SOURCE MATERIAL:
■ ■ ■ ■ ■ ■ ■

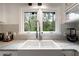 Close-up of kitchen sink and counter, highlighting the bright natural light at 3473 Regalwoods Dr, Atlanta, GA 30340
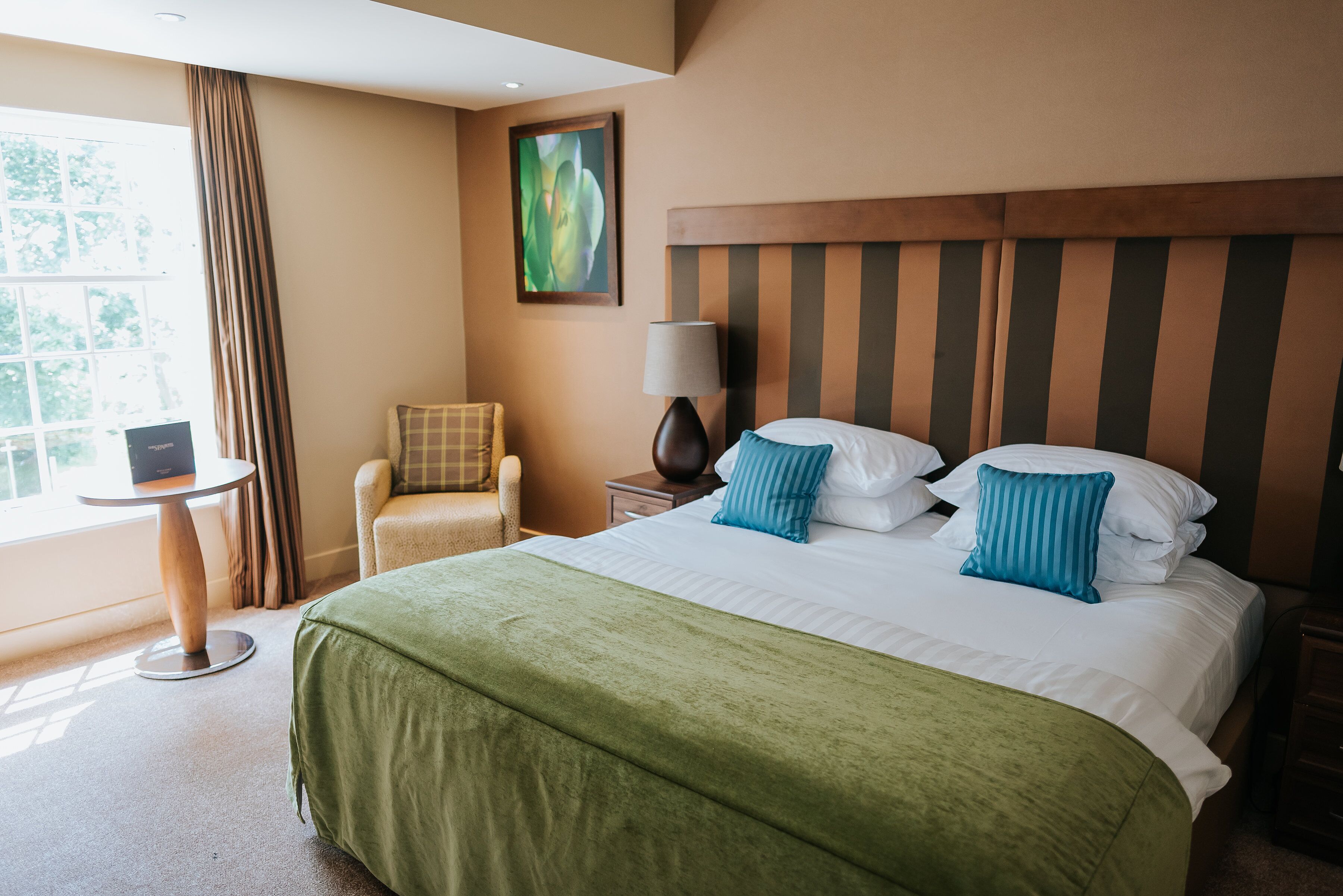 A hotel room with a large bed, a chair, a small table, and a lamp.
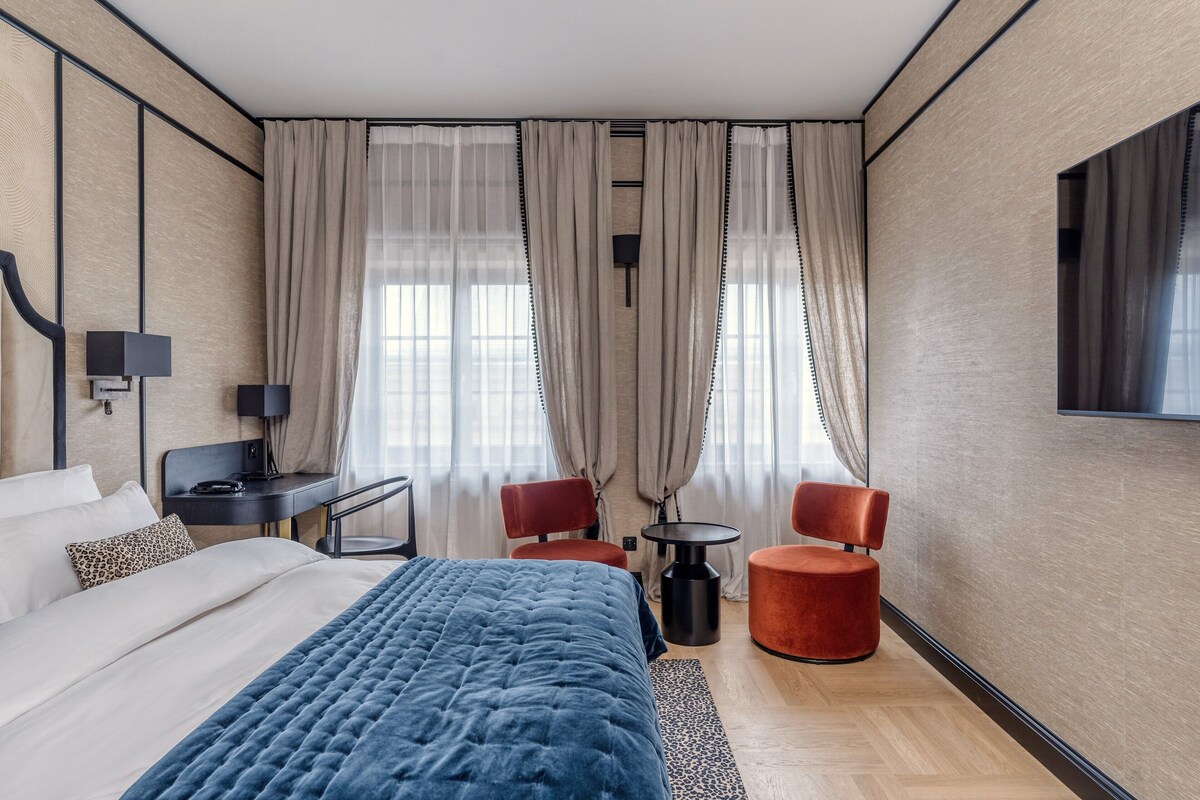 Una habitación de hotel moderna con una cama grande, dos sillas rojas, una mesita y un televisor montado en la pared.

■ ■ ■ ■ ■ ■ ■

PROMPT: Lines from the one holding "A hotel room" to the end of the data, both ends included, are to be given again exactly; no pictures belong in the copy.

TASK SOLUTION:
 A hotel room with a large bed, a chair, a small table, and a lamp.
 Una habitación de hotel moderna con una cama grande, dos sillas rojas, una mesita y un televisor montado en la pared.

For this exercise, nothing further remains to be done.